If you’re young and looking to build F-You Money, there’s not much more to it than that: you get money, you buy VTSAX. If you’ve played fantasy football, you might be familiar with the term “set it and forget it.” Same here.
THE PRESERVATION STAGE
If you’re at or near retirement, you’ve (hopefully) built your F-You Money already. Now you want to hang onto it. It’s time to expand beyond the one basket, VTSAX, and add in…another index fund.
This time, it’s VBTLX: Vanguard Total Bond Market Index Fund. Bonds provide some income and tend to smooth out the rough ride of stocks. In case the market does dip as you’re entering or enjoying retirement — when you have less time to wait for it to bounce back, and you’re not earning income through work — you’ll likely want a bit less exposure to stocks. So, shift some of that money to a bond fund.
Now that you’ve got a couple of funds in your portfolio, you’ll want to set aside a couple of hours once a year to re-balance your allocation according to where you’re at and where you’d like to go. Now that JL is (semi-)retired, he and his wife’s allocation looks like so:
~75% Stocks: VTSAX (Vanguard Total Stock Market Index Fund)
~20% Bonds: VBTLX (Vanguard Total Bond Market Index Fund)
~5% Cash: VMRXX (Vanguard Cash Reserves Federal Money Market Fund)
You can fine-tune these allocations to your liking. Want a smoother ride, which comes with potentially lower long-term returns? Increase your percentage in VBTLX. If you’re comfortable with volatility and want to keep accumulating more, add more VTSAX.
THE GRAY AREA
100% stocks in the accumulation phase is certainly aggressive, and there are some studies that suggest holding a 10%-to-25% position in bonds (with 75%-to-90% stocks) will actually very slightly outperform the total stock approach.
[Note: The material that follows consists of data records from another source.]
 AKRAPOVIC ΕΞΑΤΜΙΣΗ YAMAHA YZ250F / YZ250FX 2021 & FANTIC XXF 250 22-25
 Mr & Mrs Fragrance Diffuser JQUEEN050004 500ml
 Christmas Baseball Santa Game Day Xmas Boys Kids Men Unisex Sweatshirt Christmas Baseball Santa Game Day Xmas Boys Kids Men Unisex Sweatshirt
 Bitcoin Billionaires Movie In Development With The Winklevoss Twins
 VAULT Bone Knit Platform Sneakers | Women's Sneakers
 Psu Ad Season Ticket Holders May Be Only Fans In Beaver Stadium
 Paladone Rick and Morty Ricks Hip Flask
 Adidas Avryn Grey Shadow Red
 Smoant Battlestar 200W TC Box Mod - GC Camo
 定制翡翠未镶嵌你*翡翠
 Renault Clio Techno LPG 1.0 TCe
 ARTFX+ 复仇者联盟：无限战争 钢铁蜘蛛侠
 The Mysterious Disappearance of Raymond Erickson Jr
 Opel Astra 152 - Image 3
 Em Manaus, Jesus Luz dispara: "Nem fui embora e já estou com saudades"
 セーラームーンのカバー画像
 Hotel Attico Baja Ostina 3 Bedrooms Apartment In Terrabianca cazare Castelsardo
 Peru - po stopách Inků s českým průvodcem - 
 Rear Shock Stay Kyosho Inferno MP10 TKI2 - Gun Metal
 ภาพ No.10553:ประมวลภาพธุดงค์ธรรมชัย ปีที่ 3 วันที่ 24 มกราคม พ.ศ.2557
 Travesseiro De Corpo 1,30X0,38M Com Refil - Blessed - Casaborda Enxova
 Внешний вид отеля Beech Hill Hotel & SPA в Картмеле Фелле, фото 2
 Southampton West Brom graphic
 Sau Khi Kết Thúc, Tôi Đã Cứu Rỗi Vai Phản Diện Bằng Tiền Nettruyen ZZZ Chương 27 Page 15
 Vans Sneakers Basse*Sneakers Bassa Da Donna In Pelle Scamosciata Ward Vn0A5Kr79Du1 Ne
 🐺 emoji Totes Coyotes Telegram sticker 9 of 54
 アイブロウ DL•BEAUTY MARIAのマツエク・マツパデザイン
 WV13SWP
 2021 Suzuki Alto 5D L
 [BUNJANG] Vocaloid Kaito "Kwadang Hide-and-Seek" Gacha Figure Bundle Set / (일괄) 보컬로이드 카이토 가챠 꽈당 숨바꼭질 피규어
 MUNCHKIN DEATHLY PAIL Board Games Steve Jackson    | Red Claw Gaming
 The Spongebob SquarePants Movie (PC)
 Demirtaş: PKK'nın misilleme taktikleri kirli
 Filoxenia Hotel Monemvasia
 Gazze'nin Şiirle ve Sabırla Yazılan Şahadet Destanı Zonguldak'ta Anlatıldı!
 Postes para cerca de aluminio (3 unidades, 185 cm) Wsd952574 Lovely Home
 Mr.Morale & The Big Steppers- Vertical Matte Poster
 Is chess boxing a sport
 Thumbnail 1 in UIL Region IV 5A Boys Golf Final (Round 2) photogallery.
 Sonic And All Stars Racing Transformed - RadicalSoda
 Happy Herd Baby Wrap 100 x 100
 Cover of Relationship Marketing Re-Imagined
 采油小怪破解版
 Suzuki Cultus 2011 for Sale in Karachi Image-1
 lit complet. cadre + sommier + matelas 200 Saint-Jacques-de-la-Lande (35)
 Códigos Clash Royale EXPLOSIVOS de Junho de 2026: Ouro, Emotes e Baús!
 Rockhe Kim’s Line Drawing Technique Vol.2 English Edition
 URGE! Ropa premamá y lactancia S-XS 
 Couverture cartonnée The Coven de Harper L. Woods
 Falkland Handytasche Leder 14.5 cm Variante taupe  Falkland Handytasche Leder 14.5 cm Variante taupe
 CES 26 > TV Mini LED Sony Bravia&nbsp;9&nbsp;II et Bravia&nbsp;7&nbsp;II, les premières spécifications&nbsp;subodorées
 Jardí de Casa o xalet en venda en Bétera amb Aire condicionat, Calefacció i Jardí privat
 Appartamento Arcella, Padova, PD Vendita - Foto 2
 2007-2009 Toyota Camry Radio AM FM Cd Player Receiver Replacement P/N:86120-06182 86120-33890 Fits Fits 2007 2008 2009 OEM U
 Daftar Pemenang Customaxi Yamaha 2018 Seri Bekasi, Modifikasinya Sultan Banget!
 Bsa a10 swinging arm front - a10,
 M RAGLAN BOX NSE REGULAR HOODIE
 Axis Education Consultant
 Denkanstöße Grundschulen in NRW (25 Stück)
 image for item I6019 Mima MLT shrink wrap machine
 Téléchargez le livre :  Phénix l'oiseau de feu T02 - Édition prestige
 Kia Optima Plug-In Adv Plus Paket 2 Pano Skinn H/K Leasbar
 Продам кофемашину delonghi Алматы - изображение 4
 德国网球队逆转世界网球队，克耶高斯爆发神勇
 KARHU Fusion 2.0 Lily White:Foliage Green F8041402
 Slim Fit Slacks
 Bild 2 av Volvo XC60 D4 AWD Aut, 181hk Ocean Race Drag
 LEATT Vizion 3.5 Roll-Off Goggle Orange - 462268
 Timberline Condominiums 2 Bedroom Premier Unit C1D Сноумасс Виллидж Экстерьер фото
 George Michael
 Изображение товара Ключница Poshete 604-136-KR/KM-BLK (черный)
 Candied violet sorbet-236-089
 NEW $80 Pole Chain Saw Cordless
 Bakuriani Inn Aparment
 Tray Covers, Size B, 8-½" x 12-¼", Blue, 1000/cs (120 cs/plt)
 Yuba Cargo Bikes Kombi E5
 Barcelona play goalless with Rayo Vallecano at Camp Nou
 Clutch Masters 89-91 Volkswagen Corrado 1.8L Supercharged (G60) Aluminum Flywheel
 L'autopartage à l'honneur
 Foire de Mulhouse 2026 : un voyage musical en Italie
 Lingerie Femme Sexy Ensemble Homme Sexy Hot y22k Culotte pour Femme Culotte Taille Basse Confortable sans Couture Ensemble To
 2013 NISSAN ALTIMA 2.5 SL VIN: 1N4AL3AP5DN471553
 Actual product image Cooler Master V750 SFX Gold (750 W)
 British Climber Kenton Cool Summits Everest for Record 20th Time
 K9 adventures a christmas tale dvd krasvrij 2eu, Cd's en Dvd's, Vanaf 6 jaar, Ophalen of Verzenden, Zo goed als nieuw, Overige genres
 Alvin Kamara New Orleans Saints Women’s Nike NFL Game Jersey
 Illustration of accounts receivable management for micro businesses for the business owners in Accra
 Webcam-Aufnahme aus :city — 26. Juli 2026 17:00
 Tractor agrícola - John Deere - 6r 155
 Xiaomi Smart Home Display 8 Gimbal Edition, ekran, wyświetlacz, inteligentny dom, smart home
But you should ignore traditionalist principles like “subtract your age from 100” — or even 120 — to determine the percentage of your portfolio that should be in stocks. That’s far too conservative when even modest inflation is going to eat up the value of your bonds over time, and those bonds can’t offer the growth value of stocks to offset that. Stocks are your inflation defense — you need your wealth to rise faster than prices — as well as your growth vehicle.
There will be crashes and corrections. But if you are just starting out at age 20, you are looking at perhaps 80 years of investing. Even at 60 years old, in good health, you could easily be looking at another thirty years. For the most part, you’re going to want to go heavy — heavy — on the stocks. Accumulate!